# 2019/20 DA Cup as next step for boys?



## Kante (Apr 18, 2019)

Here's link. http://www.ussoccerda.com/20180418-NEWS-DA-Introduces-New-Cup-Comp-Structure-for-Girls

One contributor in the girls thread on this pointed out that it says "clubs" not teams, and that's an important distinction. http://www.socalsoccer.com/threads/da-cup-competition-for-2019-2020.17135/

Seems like a tailor made solve/compromise with the MLS academies who wanted their own MLS league.

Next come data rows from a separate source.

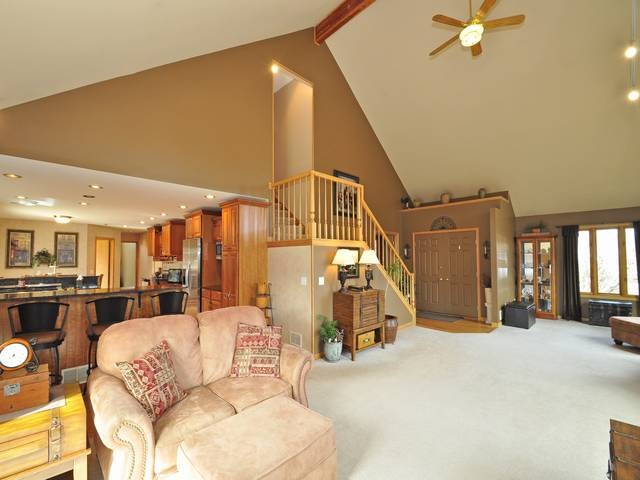 1603 Beech St, Spring Grove, IL 60081 photo 5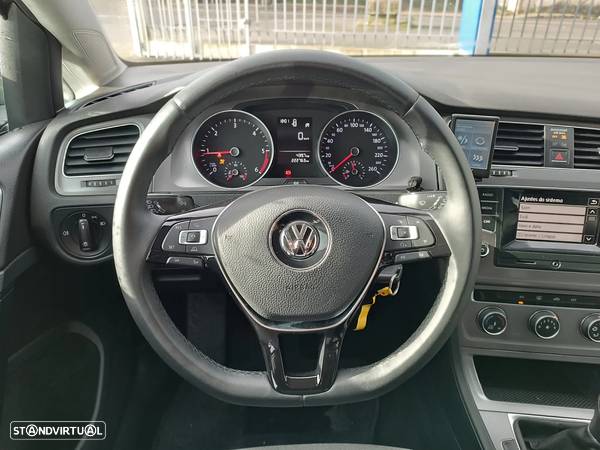 VW Golf 1.6 TDi Confortline - 16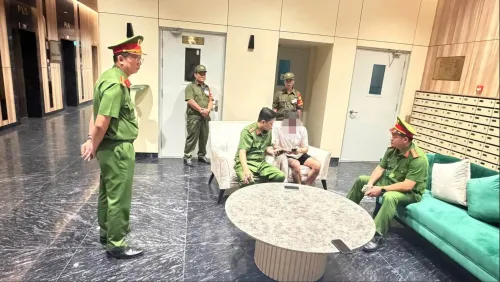 越南岘港警方凌晨突击高档公寓 多名外籍人员涉毒被查
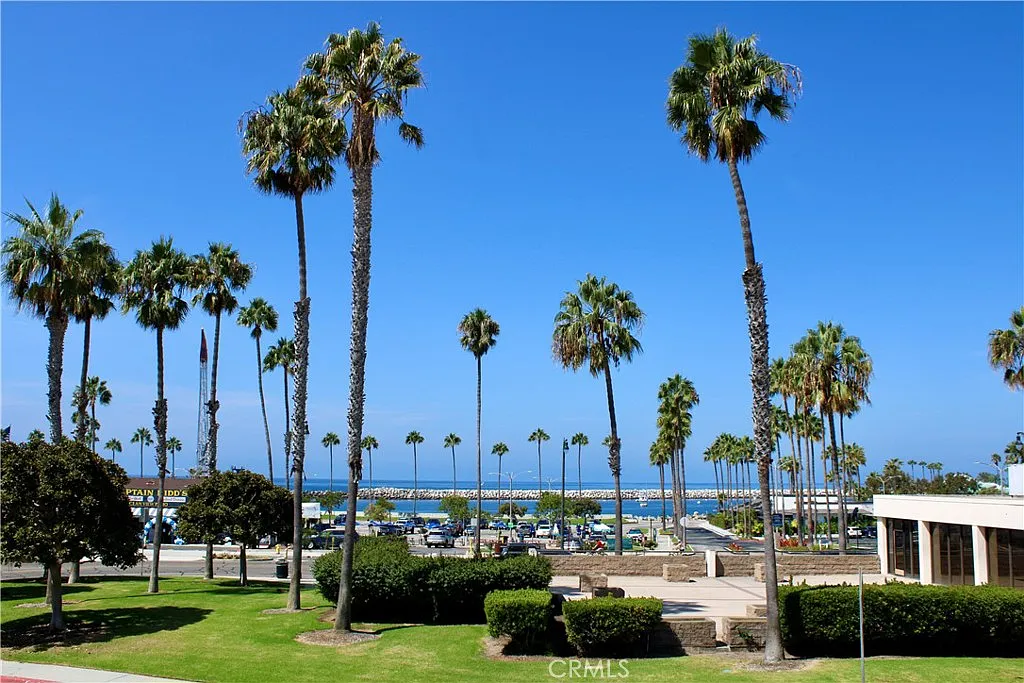 2 bed, 1923 sqft, $6,150 — Photo 3
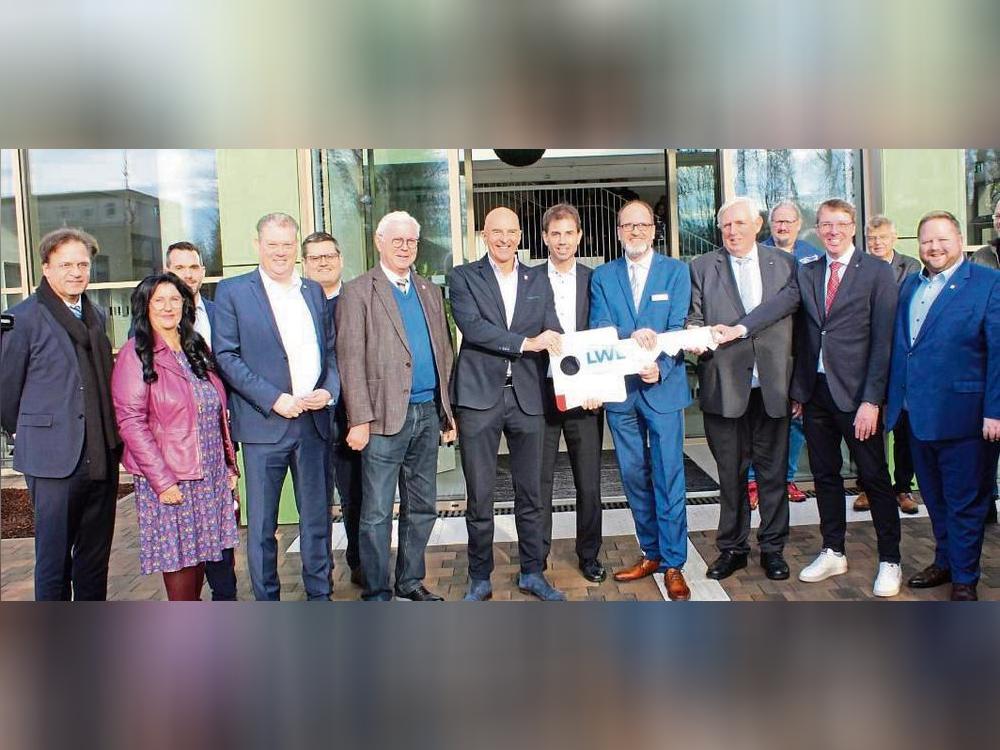 Die offizielle Schlüsselübergabe erfolgte vor dem Eingang der neuen Pflegeschule. Im Anschluss konnten Gäste die Räumlichkeiten besichtigen. Foto: Soraya Dietz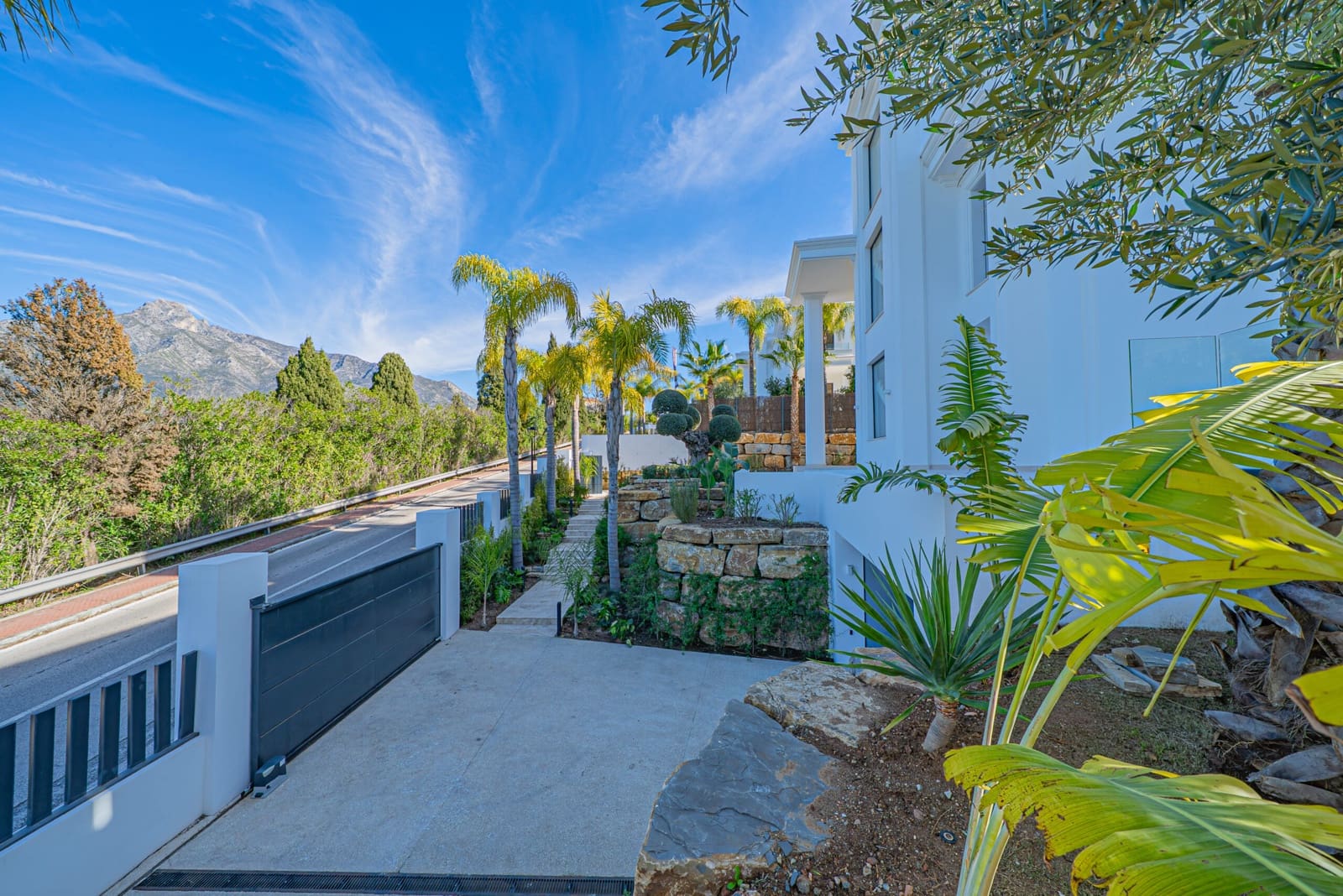 6 bedroom Villa for sale in Golden Mile with pool - € 6,400,000 (Ref: 9145221)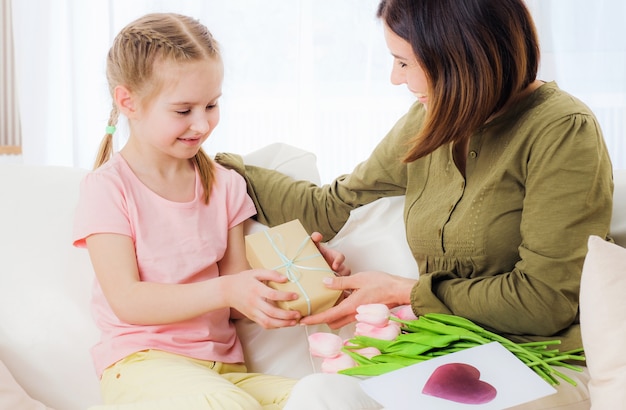 Figlia che fa regali alla madre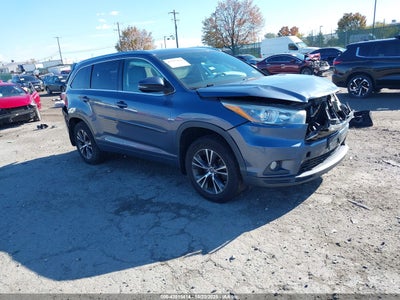 TOYOTA HIGHLANDER 2016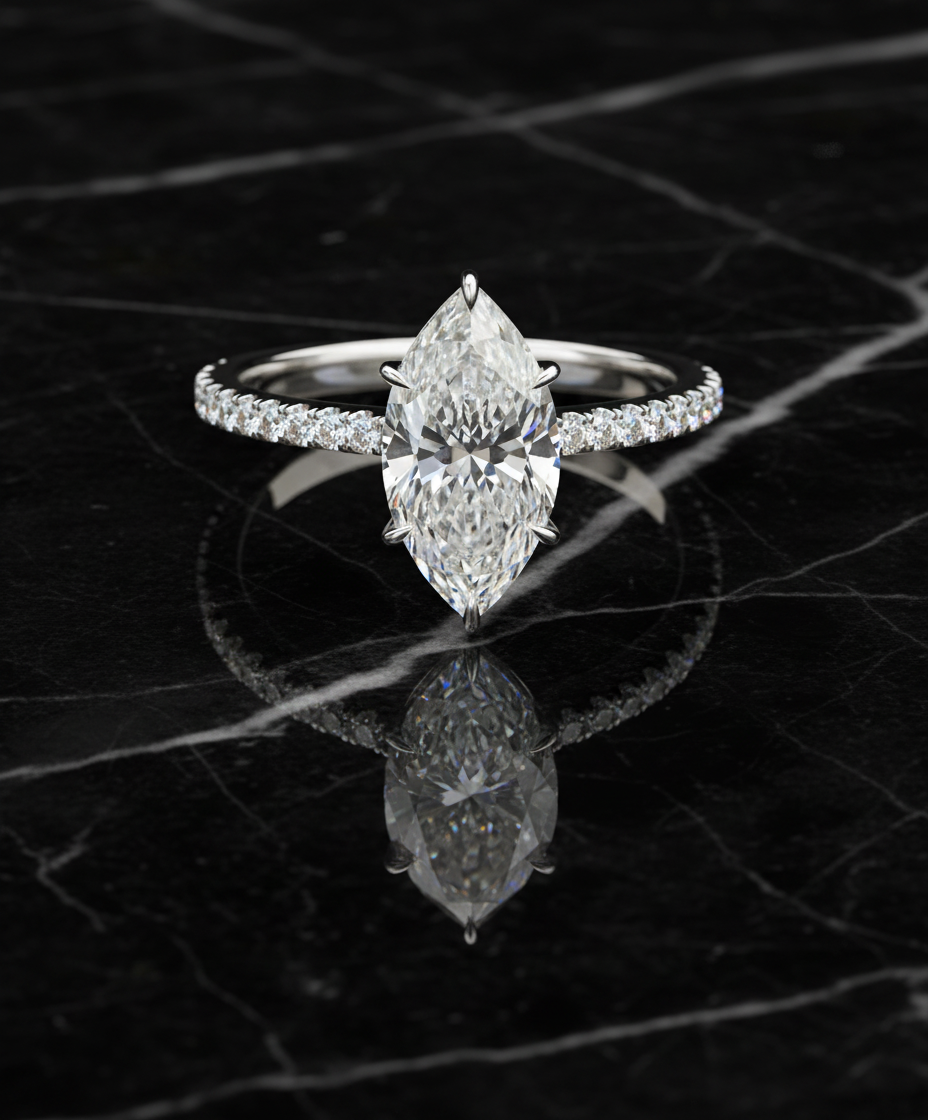 Anello con diamante marquise in oro bianco su marmo nero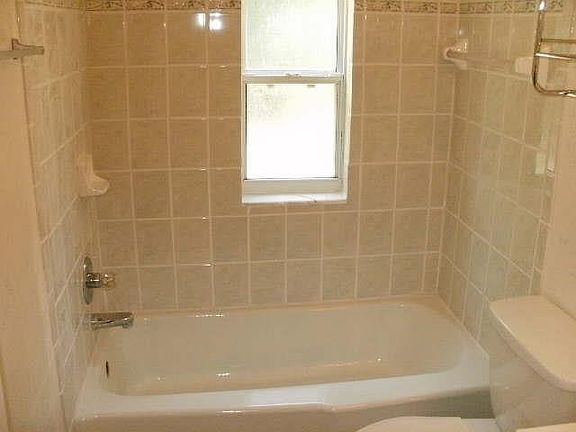 4th image of 3810 Garrison St #A-b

Another area where the girls academy is taking the first step (the other step being u16 standalone).


----------



## jpeter (Apr 19, 2019)

Kante said:


> Here's link. http://www.ussoccerda.com/20180418-NEWS-DA-Introduces-New-Cup-Comp-Structure-for-Girls
> 
> One contributor in the girls thread on this pointed out that it says "clubs" not teams, and that's an important distinction. http://www.socalsoccer.com/threads/da-cup-competition-for-2019-2020.17135/
> 
> ...


The boys DA especially the MLS one have been talkin about something like this for what going on two years now so at the summer showcase or sooner expect a announcement on what's going to go on for the boys for next season


----------